TASK ITEM → All that should be output is the block of lines below from the line with "Produktbild von vidaXL" to the line with "Strong As A", both included, exactly as written.

Stored entries
-- Opening Marker --
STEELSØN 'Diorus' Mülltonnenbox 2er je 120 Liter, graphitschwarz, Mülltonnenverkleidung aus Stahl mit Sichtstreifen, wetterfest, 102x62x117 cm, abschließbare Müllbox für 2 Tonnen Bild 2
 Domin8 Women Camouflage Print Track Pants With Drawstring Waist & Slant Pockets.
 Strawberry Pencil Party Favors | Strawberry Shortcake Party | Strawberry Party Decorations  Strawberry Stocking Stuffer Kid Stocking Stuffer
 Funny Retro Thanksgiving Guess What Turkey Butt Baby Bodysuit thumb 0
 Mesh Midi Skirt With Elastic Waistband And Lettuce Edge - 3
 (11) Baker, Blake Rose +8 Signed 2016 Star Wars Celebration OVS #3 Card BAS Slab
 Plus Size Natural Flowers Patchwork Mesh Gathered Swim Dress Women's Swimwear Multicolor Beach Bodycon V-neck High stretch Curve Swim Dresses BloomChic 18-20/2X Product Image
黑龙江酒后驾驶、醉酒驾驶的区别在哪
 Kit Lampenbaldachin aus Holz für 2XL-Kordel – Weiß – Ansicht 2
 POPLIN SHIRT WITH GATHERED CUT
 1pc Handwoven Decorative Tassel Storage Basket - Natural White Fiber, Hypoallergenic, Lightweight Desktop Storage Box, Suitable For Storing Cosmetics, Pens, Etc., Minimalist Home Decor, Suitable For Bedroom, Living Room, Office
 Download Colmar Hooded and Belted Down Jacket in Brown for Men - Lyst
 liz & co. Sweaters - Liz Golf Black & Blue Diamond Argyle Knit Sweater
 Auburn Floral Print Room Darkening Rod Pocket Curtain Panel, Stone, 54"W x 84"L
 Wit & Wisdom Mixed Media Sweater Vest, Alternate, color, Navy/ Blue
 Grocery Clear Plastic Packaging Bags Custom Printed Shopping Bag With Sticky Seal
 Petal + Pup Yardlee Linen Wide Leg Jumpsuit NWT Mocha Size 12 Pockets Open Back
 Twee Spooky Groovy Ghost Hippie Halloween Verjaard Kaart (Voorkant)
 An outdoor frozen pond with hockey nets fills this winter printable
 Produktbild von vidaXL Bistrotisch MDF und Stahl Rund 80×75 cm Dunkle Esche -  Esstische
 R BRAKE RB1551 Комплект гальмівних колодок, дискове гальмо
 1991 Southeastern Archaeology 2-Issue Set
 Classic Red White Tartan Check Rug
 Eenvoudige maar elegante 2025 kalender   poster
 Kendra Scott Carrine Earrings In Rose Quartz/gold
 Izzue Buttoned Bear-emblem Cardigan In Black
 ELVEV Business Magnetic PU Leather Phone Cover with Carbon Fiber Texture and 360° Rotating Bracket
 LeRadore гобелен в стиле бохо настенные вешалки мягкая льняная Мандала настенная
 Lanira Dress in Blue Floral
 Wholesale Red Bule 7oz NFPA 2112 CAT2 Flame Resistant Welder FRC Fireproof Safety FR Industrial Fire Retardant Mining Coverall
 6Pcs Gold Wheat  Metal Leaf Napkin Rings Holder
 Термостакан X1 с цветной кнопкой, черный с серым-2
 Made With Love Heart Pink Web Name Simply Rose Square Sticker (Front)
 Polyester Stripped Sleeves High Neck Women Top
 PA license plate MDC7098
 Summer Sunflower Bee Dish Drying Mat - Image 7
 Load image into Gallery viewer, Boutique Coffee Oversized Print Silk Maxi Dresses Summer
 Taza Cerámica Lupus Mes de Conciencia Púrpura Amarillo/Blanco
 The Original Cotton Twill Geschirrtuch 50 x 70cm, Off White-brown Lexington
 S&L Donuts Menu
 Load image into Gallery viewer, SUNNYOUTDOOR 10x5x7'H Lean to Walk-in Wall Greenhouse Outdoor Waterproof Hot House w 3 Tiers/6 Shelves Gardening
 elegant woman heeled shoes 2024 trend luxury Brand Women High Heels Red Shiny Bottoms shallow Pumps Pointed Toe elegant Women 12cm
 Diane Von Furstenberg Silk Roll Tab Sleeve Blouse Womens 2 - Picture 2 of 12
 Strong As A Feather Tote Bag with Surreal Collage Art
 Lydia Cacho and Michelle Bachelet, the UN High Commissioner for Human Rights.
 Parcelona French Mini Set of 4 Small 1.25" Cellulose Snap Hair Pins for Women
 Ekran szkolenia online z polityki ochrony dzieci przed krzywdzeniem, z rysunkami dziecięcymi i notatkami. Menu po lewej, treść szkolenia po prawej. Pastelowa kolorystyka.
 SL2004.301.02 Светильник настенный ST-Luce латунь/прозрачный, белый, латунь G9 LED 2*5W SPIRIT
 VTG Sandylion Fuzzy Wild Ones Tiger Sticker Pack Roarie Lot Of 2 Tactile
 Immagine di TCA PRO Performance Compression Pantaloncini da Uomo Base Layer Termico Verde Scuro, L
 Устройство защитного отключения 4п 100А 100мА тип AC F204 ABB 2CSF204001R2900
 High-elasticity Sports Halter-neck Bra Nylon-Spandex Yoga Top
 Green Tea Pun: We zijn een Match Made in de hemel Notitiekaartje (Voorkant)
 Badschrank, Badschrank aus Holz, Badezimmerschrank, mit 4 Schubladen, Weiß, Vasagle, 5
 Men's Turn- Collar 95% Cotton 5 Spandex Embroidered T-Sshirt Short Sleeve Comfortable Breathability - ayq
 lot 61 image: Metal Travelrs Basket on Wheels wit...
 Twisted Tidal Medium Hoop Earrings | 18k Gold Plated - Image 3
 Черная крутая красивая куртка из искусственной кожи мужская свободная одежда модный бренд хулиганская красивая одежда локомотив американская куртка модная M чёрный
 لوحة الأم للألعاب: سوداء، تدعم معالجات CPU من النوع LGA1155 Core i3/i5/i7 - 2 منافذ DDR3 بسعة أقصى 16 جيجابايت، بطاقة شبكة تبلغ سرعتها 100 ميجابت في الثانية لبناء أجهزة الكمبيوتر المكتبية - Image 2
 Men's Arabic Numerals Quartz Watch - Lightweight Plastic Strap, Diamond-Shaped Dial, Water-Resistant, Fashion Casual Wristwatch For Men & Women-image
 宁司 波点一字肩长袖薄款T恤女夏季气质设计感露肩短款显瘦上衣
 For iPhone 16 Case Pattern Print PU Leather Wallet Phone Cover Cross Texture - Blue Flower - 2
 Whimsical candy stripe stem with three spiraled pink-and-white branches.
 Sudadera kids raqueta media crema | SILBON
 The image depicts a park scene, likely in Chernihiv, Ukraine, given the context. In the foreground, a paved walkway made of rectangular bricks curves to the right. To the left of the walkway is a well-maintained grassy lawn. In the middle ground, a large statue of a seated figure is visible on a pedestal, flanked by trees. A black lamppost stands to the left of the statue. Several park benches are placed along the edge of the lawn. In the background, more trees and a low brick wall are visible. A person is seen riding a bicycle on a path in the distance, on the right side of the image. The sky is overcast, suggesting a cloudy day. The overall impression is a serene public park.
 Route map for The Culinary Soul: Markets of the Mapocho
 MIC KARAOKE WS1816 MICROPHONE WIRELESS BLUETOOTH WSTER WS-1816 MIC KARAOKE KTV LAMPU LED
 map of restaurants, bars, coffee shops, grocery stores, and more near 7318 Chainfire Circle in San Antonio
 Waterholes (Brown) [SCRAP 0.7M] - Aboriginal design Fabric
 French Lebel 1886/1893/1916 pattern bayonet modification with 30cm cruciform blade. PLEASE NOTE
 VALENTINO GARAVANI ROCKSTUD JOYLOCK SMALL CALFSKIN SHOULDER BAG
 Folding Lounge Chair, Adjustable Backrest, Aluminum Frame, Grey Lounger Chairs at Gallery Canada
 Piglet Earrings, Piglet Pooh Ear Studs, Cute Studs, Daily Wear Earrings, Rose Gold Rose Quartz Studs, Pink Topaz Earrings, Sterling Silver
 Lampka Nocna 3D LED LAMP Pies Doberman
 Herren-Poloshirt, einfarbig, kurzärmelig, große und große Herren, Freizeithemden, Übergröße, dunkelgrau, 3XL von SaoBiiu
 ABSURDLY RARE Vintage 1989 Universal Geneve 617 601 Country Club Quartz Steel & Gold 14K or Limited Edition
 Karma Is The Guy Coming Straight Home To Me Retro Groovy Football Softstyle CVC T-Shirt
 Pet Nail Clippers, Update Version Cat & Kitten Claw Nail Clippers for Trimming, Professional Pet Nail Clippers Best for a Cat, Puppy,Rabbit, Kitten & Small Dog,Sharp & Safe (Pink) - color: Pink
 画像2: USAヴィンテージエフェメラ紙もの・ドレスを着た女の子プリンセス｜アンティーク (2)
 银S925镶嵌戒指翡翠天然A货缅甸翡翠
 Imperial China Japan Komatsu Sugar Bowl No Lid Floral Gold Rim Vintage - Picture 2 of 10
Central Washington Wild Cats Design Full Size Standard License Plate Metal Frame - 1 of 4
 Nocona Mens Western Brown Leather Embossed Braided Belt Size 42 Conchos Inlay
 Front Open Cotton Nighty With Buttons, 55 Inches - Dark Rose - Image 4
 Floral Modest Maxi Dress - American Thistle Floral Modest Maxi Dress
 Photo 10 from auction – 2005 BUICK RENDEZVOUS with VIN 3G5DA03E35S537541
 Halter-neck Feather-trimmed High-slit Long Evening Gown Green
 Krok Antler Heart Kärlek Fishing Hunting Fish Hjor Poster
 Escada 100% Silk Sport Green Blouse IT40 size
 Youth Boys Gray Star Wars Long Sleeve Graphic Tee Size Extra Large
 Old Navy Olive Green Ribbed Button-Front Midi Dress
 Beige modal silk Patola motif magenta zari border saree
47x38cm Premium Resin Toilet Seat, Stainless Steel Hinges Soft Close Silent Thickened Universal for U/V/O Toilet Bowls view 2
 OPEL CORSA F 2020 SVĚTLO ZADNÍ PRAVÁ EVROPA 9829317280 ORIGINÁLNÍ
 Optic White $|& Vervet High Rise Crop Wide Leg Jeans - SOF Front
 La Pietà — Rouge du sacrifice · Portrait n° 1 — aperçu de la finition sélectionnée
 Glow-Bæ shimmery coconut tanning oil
-- Closing Marker --
EXERCISE SOLUTION →
 Produktbild von vidaXL Bistrotisch MDF und Stahl Rund 80×75 cm Dunkle Esche -  Esstische
 R BRAKE RB1551 Комплект гальмівних колодок, дискове гальмо
 1991 Southeastern Archaeology 2-Issue Set
 Classic Red White Tartan Check Rug
 Eenvoudige maar elegante 2025 kalender   poster
 Kendra Scott Carrine Earrings In Rose Quartz/gold
 Izzue Buttoned Bear-emblem Cardigan In Black
 ELVEV Business Magnetic PU Leather Phone Cover with Carbon Fiber Texture and 360° Rotating Bracket
 LeRadore гобелен в стиле бохо настенные вешалки мягкая льняная Мандала настенная
 Lanira Dress in Blue Floral
 Wholesale Red Bule 7oz NFPA 2112 CAT2 Flame Resistant Welder FRC Fireproof Safety FR Industrial Fire Retardant Mining Coverall
 6Pcs Gold Wheat  Metal Leaf Napkin Rings Holder
 Термостакан X1 с цветной кнопкой, черный с серым-2
 Made With Love Heart Pink Web Name Simply Rose Square Sticker (Front)
 Polyester Stripped Sleeves High Neck Women Top
 PA license plate MDC7098
 Summer Sunflower Bee Dish Drying Mat - Image 7
 Load image into Gallery viewer, Boutique Coffee Oversized Print Silk Maxi Dresses Summer
 Taza Cerámica Lupus Mes de Conciencia Púrpura Amarillo/Blanco
 The Original Cotton Twill Geschirrtuch 50 x 70cm, Off White-brown Lexington
 S&L Donuts Menu
 Load image into Gallery viewer, SUNNYOUTDOOR 10x5x7'H Lean to Walk-in Wall Greenhouse Outdoor Waterproof Hot House w 3 Tiers/6 Shelves Gardening
 elegant woman heeled shoes 2024 trend luxury Brand Women High Heels Red Shiny Bottoms shallow Pumps Pointed Toe elegant Women 12cm
 Diane Von Furstenberg Silk Roll Tab Sleeve Blouse Womens 2 - Picture 2 of 12
 Strong As A Feather Tote Bag with Surreal Collage Art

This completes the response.